A total of £354 million was lost year through scams in which victims were tricked into transferring money directly from their account to a fraudster, according to figures from trade association UK Finance.
Financial providers were able to return a total of £83 million of the losses.
In these authorised push payment (APP) scams, a customer is duped into sanctioning a payment to another account that is controlled by a criminal.
Some £228 million of losses in 2018 came from personal accounts and £126 million was from business accounts.
In total there were 84,624 APP scam cases, split between 78,215 cases involving personal accounts and 6,409 cases involving non-personal accounts.
In February, the APP scams voluntary code was agreed following work between the industry, consumer groups and the Payment Systems Regulator.
The code, which comes into effect on May 28, will bring new protections for customers of payment service providers who sign up to it.
It commits firms to reimbursing victims of APP scams in any scenario when their bank or payment service provider is at fault and the customer has met the standards expected of them under the code.
Under existing legislation, if a customer authorises the payment themselves they have no legal protection to cover them for losses.
UK Finance started gathering data on APP scams from 2017.
Losses due to APP scams in 2017 totalled £236 million across 43,875 cases – but UK Finance said the figures are not directly comparable with 2018 as new industry guidelines have improved the identification and reporting of APP scams and more banks have also started reporting data.

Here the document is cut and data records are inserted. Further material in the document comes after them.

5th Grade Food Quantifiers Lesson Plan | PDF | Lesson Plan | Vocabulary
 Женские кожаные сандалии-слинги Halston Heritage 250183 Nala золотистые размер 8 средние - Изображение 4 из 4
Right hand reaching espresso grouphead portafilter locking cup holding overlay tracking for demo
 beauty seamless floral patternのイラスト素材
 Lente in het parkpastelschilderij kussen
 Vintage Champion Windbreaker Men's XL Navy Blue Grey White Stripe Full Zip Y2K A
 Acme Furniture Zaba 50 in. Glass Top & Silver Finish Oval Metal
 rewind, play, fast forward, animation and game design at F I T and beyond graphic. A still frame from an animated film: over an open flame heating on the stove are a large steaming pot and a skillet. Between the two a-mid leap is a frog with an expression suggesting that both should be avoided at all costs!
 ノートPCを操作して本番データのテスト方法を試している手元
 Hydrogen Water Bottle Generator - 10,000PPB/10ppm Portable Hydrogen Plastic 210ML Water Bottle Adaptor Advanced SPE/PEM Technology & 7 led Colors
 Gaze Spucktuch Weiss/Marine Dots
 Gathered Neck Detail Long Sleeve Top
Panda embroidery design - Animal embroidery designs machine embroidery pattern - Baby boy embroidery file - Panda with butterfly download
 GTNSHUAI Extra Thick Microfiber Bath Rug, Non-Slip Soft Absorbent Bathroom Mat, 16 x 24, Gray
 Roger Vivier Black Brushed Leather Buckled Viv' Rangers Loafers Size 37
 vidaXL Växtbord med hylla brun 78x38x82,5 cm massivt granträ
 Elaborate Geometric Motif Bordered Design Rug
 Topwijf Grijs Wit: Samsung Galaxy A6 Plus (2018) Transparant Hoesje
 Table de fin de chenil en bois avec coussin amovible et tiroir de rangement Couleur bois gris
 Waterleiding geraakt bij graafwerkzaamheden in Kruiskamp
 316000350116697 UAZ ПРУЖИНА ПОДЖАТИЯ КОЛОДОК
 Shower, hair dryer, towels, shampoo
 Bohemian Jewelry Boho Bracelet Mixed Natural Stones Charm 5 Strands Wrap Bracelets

UK Finance’s figures also show the finance industry stopped £2 in every £3 of attempted unauthorised fraud last year.
In an unauthorised fraudulent transaction, the account holder themselves does not provide authorisation for the payment to proceed and the transaction is carried out by a third-party.
Customers are legally protected against losses caused by unauthorised fraud.
UK Finance said industry research indicates customers are fully refunded in over 98% of unauthorised fraud cases.
Katy Worobec, managing director of economic crime at UK Finance, said: “Last month, the finance industry and consumer groups agreed a voluntary code which will increase protection for customers from authorised push payment scams.
“It delivers a significant commitment from signatories to reimburse victims when the customer has met the standards expected of them under the code.
“At the same time the industry continues to fight fraud on every front to protect customers and prevent this kind of crime – investing in advanced security systems and new ways to track stolen funds, assisting law enforcement in tackling the criminals and supporting the government in improving the ways in which intelligence is shared.”